The major QIP issue was by Reliance Communications, which raised around Rs 4,808 crore, followed by Idea and Yes Bank which raised Rs 3,000 crore and Rs 2,942 crore respectively, till this point of time.
“It is interesting to note that all the QIP issues hit the market after the election results were announced on May 16,”
an expert said.
The QIPs clearly show that there has been a pent up demand for capital, which is now being released over the last 2-3 months.
“It also shows the revival of investor sentiment, backed by a strong secondary market,”
a research firm said.
The public sector lender IDBI Bank said that it is eyeing to raise $7.5 billion through private placement, public issue or under a medium term notes programme during this fiscal. Now the bank plans to come up with a QIP to garner Rs 4,000 crore to raise its capital adequacy ratio.
Meanwhile the Hinduja group company has also informed the stock exchange that its fund raising committee has approved the issue and allotment of 18.52 crore shares to institutions.
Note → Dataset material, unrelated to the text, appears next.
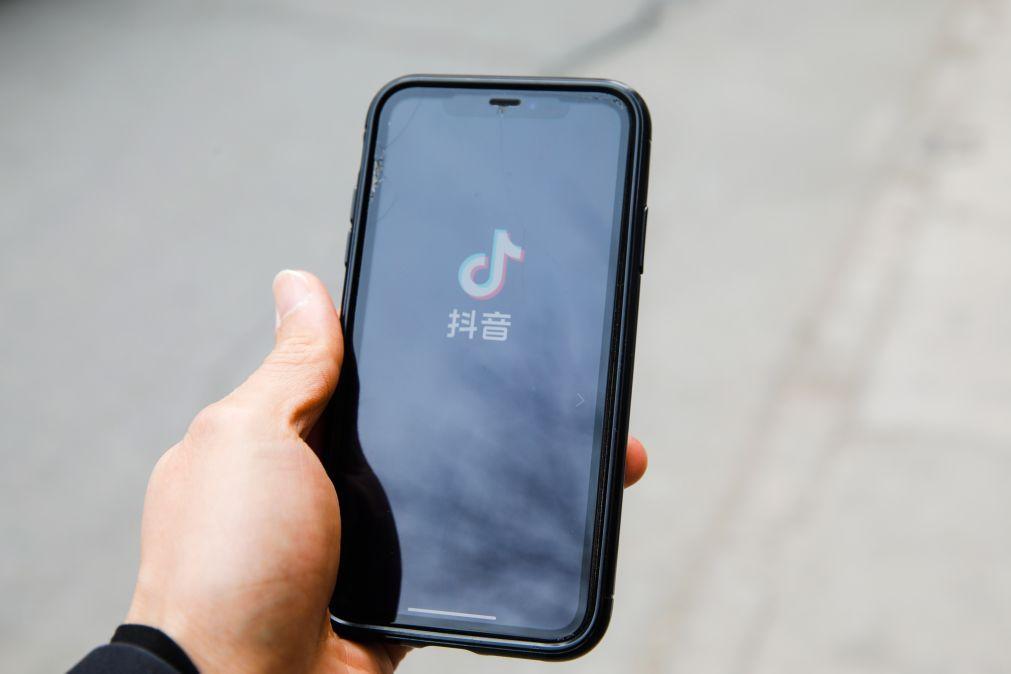 Australia bans Chinese app TikTok on government devices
“The issue price was at a premium of Rs 1.70 per share to the floor price of Rs 34.30 per equity share. The QIP opened on June 26 and got a good response from big investors,”
said a member of the National Stock Exchange.
When Amar Pal, a chartered accountant was asked why India Inc is looking at QIP and not Follow on Public Order(FPO), they said:
“FPO is costly with high amount compliances, where as QIP is good and it ensures speedy private fund raised with less compliances.
FPO involves high risk of subscription and cost too. When the same fund can be availed with less compliances and risk, why corporate will look at FPO route.”
QIP will be more beneficial for everyone, especially in the Indian market.
The issue is managed by a Sebi-registered merchant banker. There is no pre-issue filing of the placement document with Sebi.
The placement document is placed on the websites of the stock exchanges and the issuer, with appropriate disclaimer to the effect that the placement is meant only QIBs on private placement basis and is not an offer to the public,
said Srikanth Jaya Kumar, founder of Saisadhan Wealth Creator.
QIPs mean further marginalisation of the retail investors. Our public market is gradually becoming a private market, feels expert.
When Debashis Basu, founder of Moneylife India was contacted to comment on the non possibility of retail participation at the QIP issue, he said,
“They can buy from the market. Indians in general do not invest in shares. How many people (in India) invest in shares? That is why Sebi has allowed companies to raise money by QIP.”